■ Information ■

*** Block opens ***

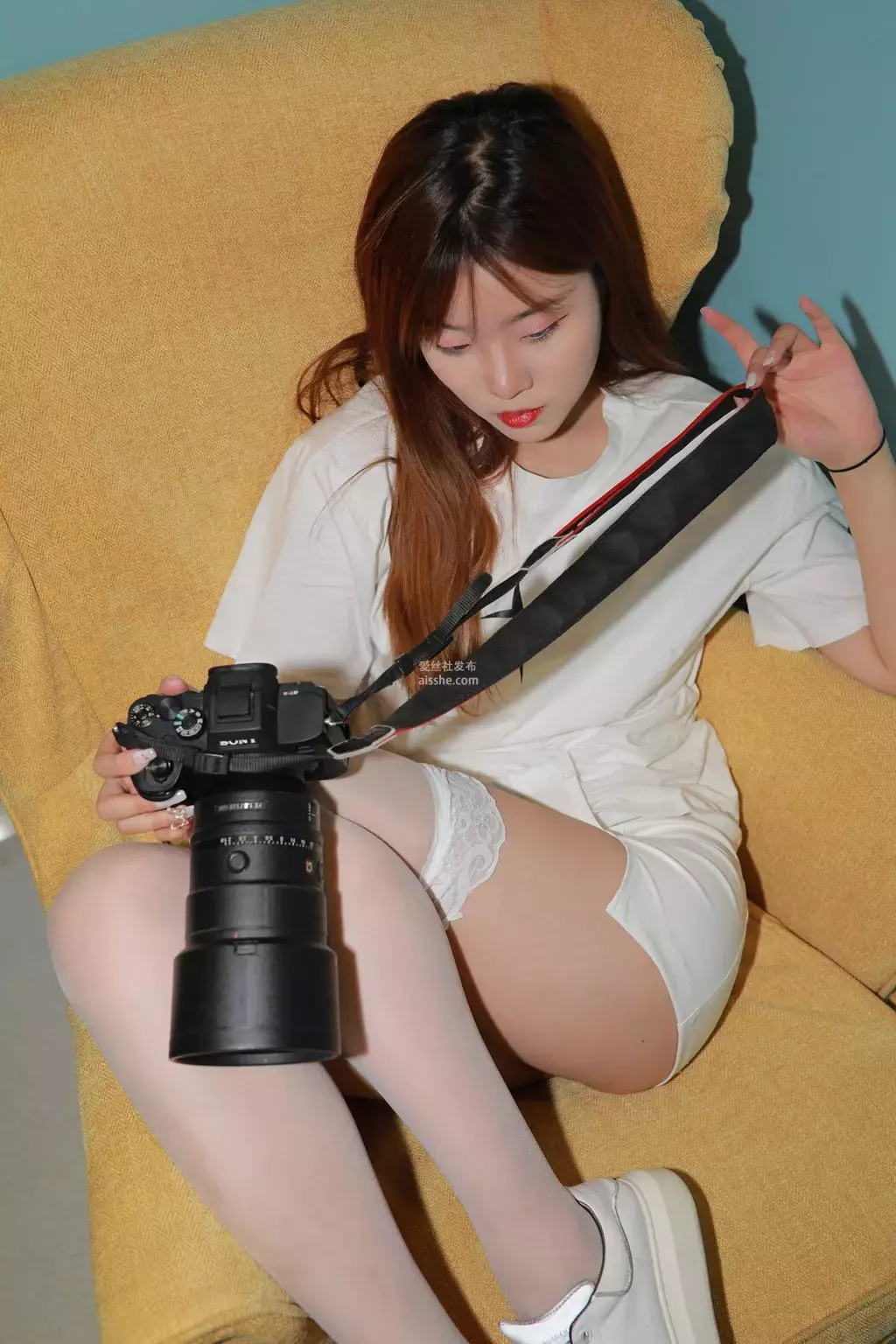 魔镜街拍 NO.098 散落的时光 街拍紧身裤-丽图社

*** Block closes ***
*** Block opens ***

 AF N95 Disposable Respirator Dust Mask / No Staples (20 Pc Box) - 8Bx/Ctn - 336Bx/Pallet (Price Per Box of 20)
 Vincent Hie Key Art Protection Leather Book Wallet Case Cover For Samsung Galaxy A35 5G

*** Block closes ***
*** Block opens ***

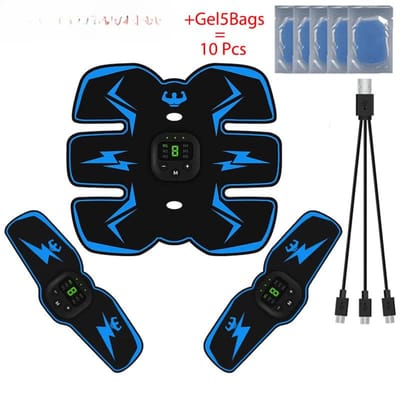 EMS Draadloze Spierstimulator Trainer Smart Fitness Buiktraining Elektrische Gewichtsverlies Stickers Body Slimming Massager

*** Block closes ***

■ Problem to work on ■
Look above for the line containing "AF N95 Disposable" and the line containing "Vincent Hie Key". Transcribe both, with the lines between them, exactly.

■ Exercise answer ■
 AF N95 Disposable Respirator Dust Mask / No Staples (20 Pc Box) - 8Bx/Ctn - 336Bx/Pallet (Price Per Box of 20)
 Vincent Hie Key Art Protection Leather Book Wallet Case Cover For Samsung Galaxy A35 5G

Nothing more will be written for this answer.